Pre-lecture materials
Read ahead
- Take a look at the data in this recent paper: Winchell et. al, (2023) Genome-wide parallelism underlies contemporary adaptation in urban lizards. PNAS 120 (3) e2216789120 Check SLACK channel for pdf
Watch ahead: A Motivating Example for the whole endeavor of data analysis
In the age of Artificial Intelligence (AI), we have many data-intensive tools available. But can we just throw more data at a problem to get better outcomes? Please watch this thought provoking short talk by Sebastian Wernicke “How to use data to make a hit TV show”… What goes wrong when we look for decisions in the wrong places r emojifont::emoji('palm_tree')
Can we design a hit TV show (or anything of importance) with data?
The Wizard of Oz (1939) starring Judy Garland was the first major motion picture in color via the complex Technicolor process. It was a tremendous success. I remember my father telling me about what a huge event it was when it came to his small town. Yet, would it have been an inevitable success? Even at that time, there were many other movies, and there were a lot of doubts about whether the American audience would accept the fantasy story, the length, the musical choices, the actors, and so many other variables. Even though the movie landscape was much simpler then, it was still multivariate.
Yet there must be something to the analysis of data into human behavior. Internet companies sell our web browsing history, there are still opinion polls, demographic surveys, and the like. Do these types of data differ? Can we do better?
- The first study produced a TV show that was perfectly average. How do you imagine they approached the data, and what might have been the difference with the study that led to the hit show?

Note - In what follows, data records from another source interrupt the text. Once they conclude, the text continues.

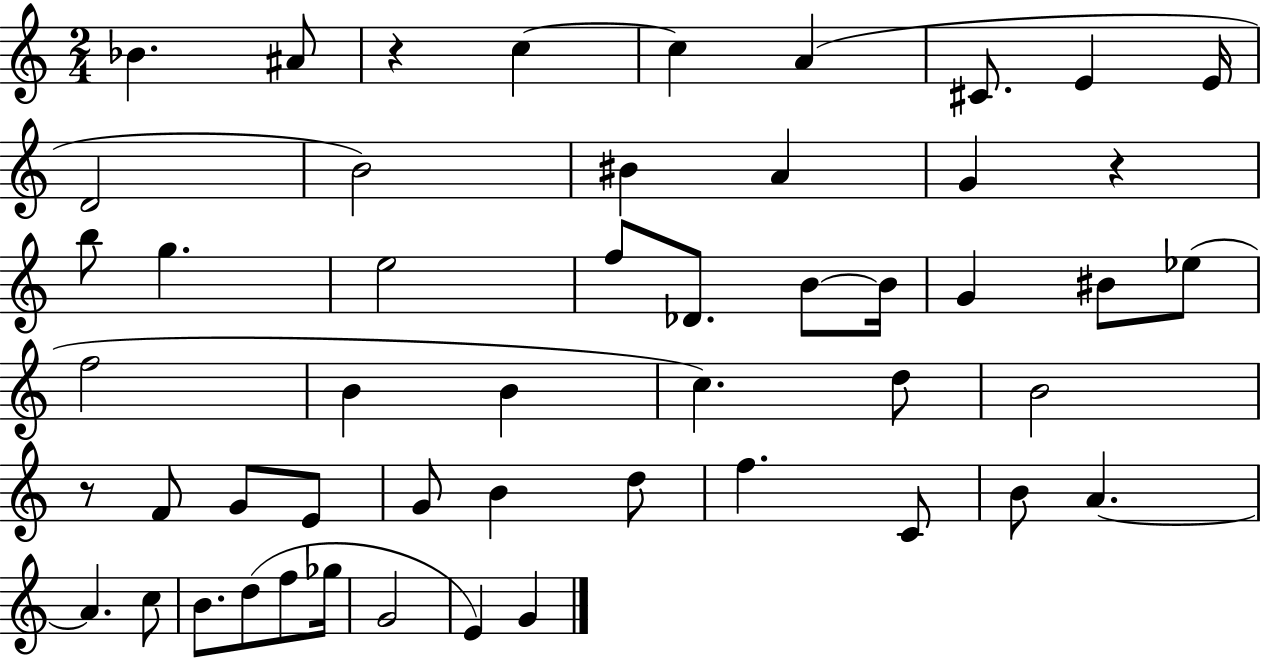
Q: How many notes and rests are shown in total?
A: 51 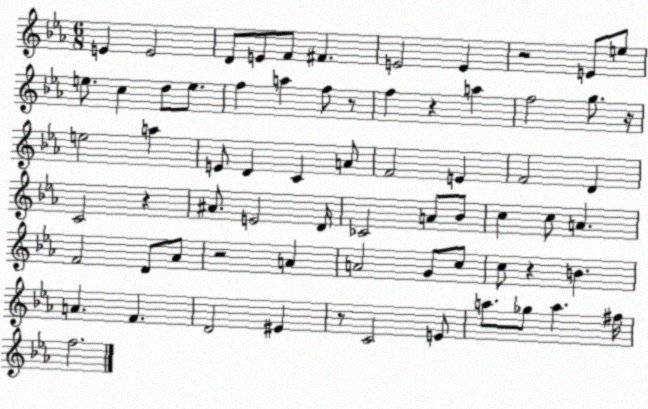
X:1
T:Untitled
M:6/8
L:1/4
K:Eb
E E2 D/2 E/2 F/2 ^F E2 E z2 E/2 e/2 e/2 c d/2 e/2 f a f/2 z/2 f z a f2 g/2 z/4 e2 a E/2 D C A/2 F2 E F2 D C2 z ^A/2 E2 D/4 _C2 A/2 _B/2 c c/2 A F2 D/2 _A/2 z2 A A2 G/2 c/2 c/2 z B A F D2 ^E z/2 C2 E/2 a/2 _g/2 a ^f/4 f2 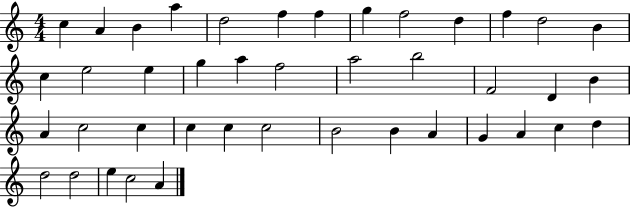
X:1
T:Untitled
M:4/4
L:1/4
K:C
c A B a d2 f f g f2 d f d2 B c e2 e g a f2 a2 b2 F2 D B A c2 c c c c2 B2 B A G A c d d2 d2 e c2 A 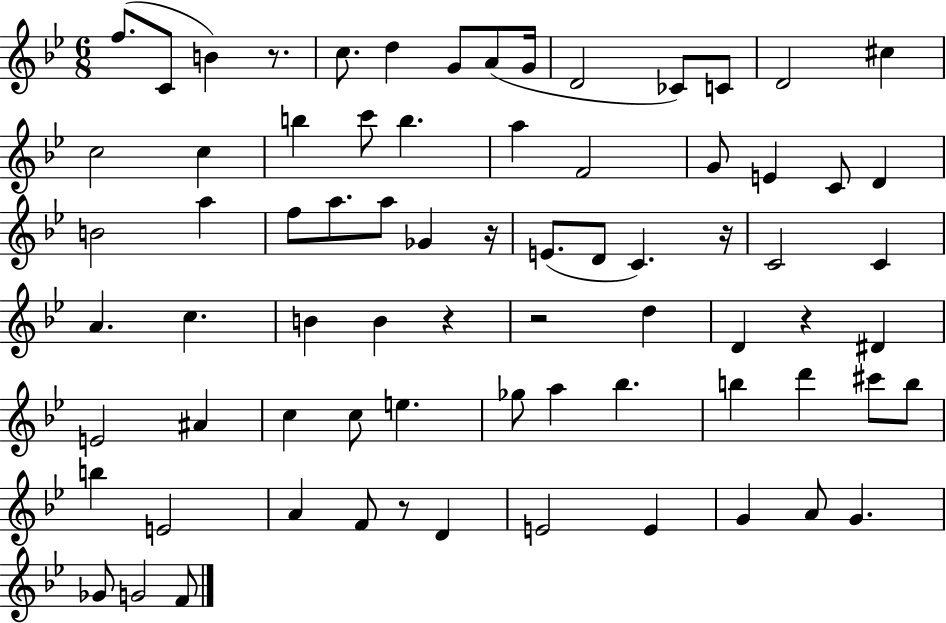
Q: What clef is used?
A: treble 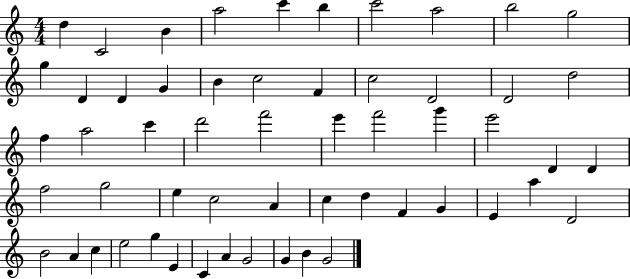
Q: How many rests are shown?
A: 0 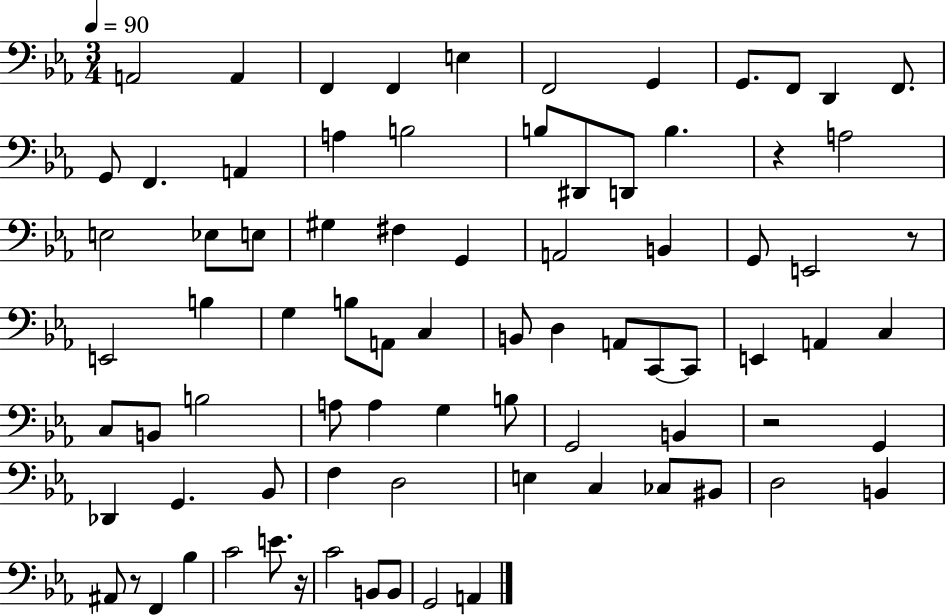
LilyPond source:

{
  \clef bass
  \numericTimeSignature
  \time 3/4
  \key ees \major
  \tempo 4 = 90
  a,2 a,4 | f,4 f,4 e4 | f,2 g,4 | g,8. f,8 d,4 f,8. | \break g,8 f,4. a,4 | a4 b2 | b8 dis,8 d,8 b4. | r4 a2 | \break e2 ees8 e8 | gis4 fis4 g,4 | a,2 b,4 | g,8 e,2 r8 | \break e,2 b4 | g4 b8 a,8 c4 | b,8 d4 a,8 c,8~~ c,8 | e,4 a,4 c4 | \break c8 b,8 b2 | a8 a4 g4 b8 | g,2 b,4 | r2 g,4 | \break des,4 g,4. bes,8 | f4 d2 | e4 c4 ces8 bis,8 | d2 b,4 | \break ais,8 r8 f,4 bes4 | c'2 e'8. r16 | c'2 b,8 b,8 | g,2 a,4 | \break \bar "|."
} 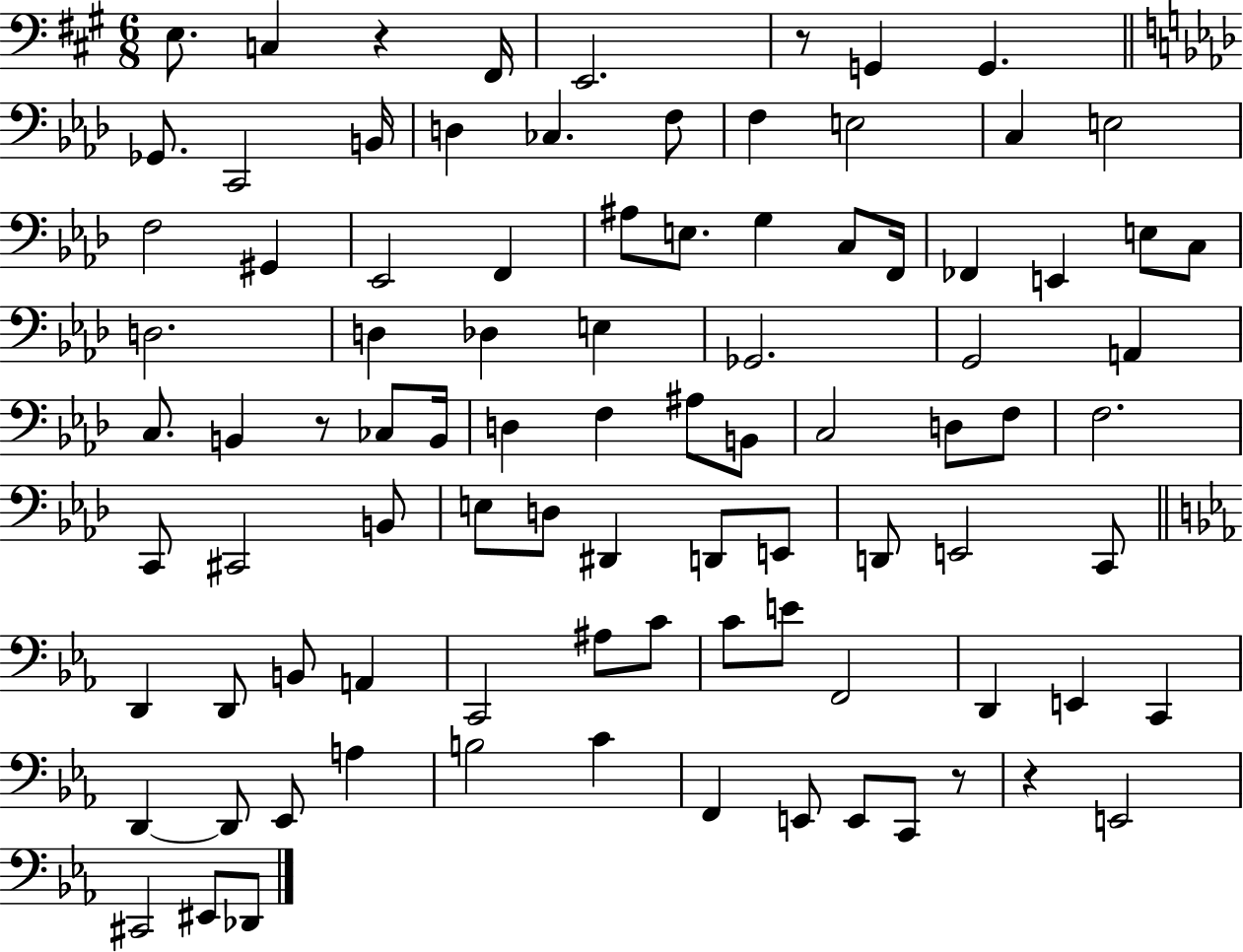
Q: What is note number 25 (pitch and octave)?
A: F2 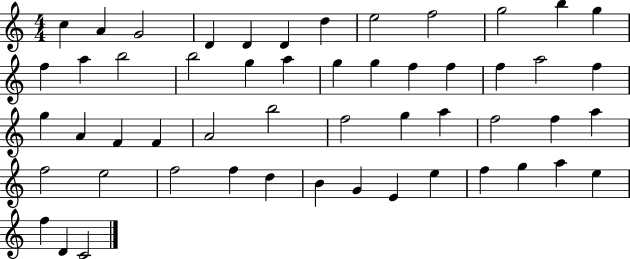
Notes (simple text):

C5/q A4/q G4/h D4/q D4/q D4/q D5/q E5/h F5/h G5/h B5/q G5/q F5/q A5/q B5/h B5/h G5/q A5/q G5/q G5/q F5/q F5/q F5/q A5/h F5/q G5/q A4/q F4/q F4/q A4/h B5/h F5/h G5/q A5/q F5/h F5/q A5/q F5/h E5/h F5/h F5/q D5/q B4/q G4/q E4/q E5/q F5/q G5/q A5/q E5/q F5/q D4/q C4/h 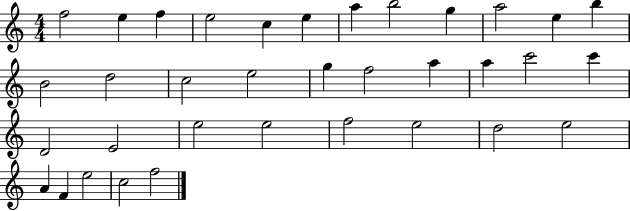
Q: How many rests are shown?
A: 0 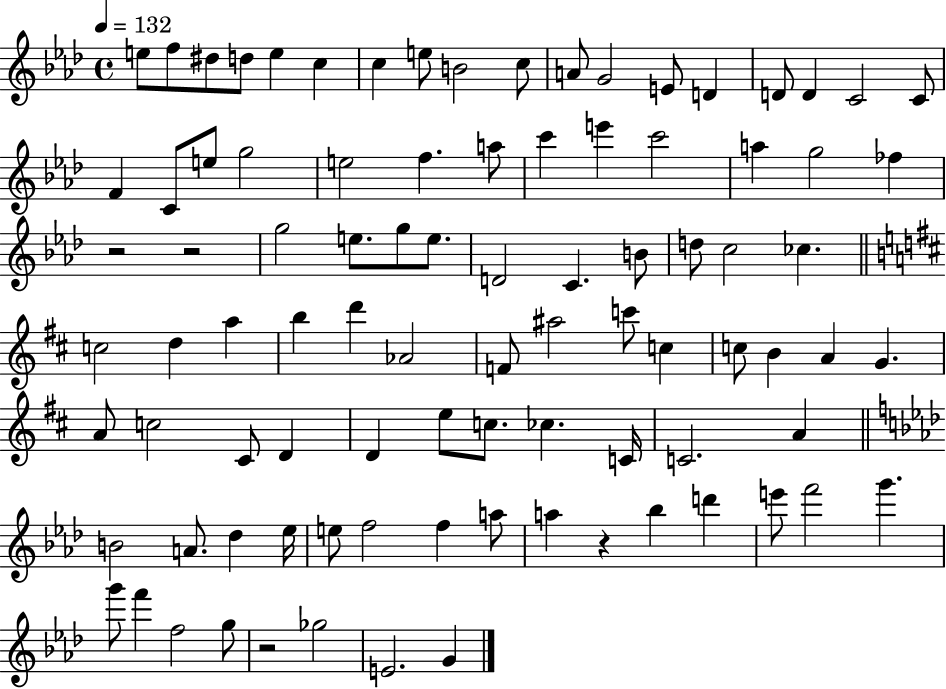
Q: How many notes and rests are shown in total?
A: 91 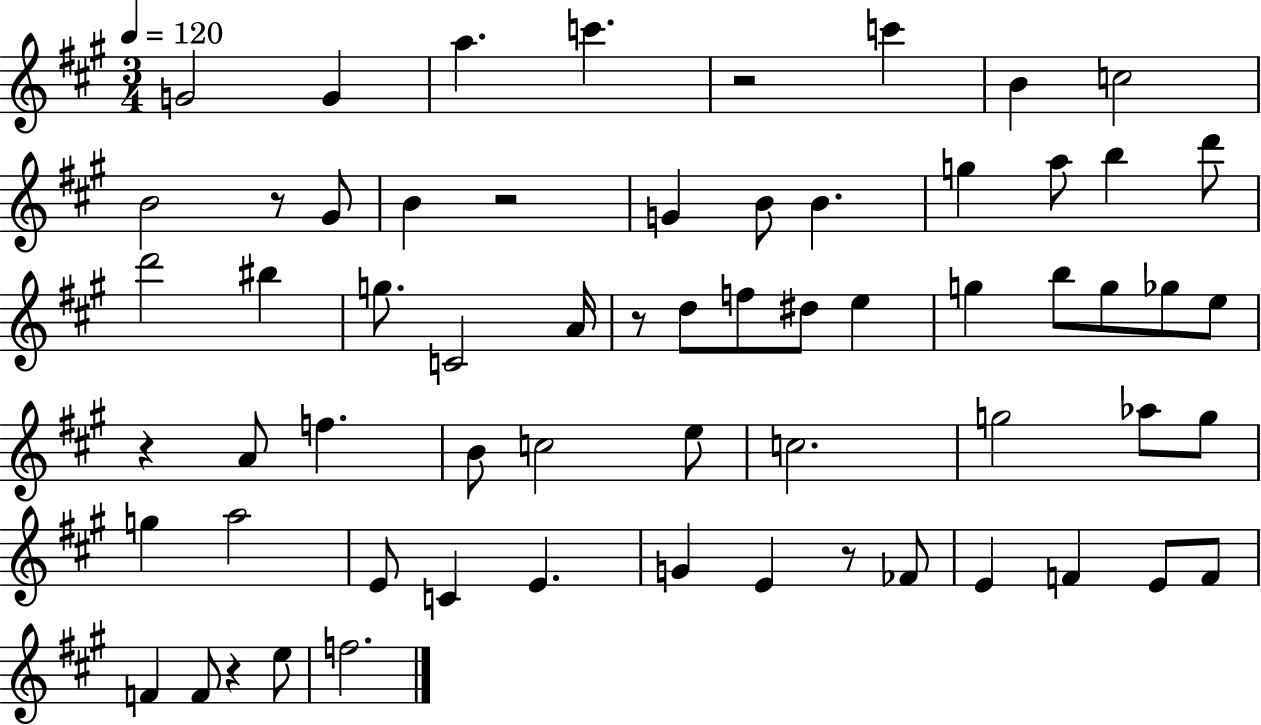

- How do shows become hits? Is the underlying mechanim complex? Or is the predictive data complex? or both? What contributes to complexity?
- What is a good role for data analysis in this type of question?
- Can we really “let the data tell us the answer”? What does such a statement leave unstated?
Genome-wide parallelism underlies contemporary adaptation in urban lizards
This is a hot-off-the-presses study into a hot topic.
- What are the questions in this study?
- What are the types of data?
- At the most basic level, what are the questions in the data analysis?
When we break it down, what can we do with data?
- Same vs. different
- Similar vs. less similar
- Moving in the same direction
- Are groupings real?
- Larger vs. smaller
- Predictive order
Can we identify these data comparisons in Winchell et. al, (2023)?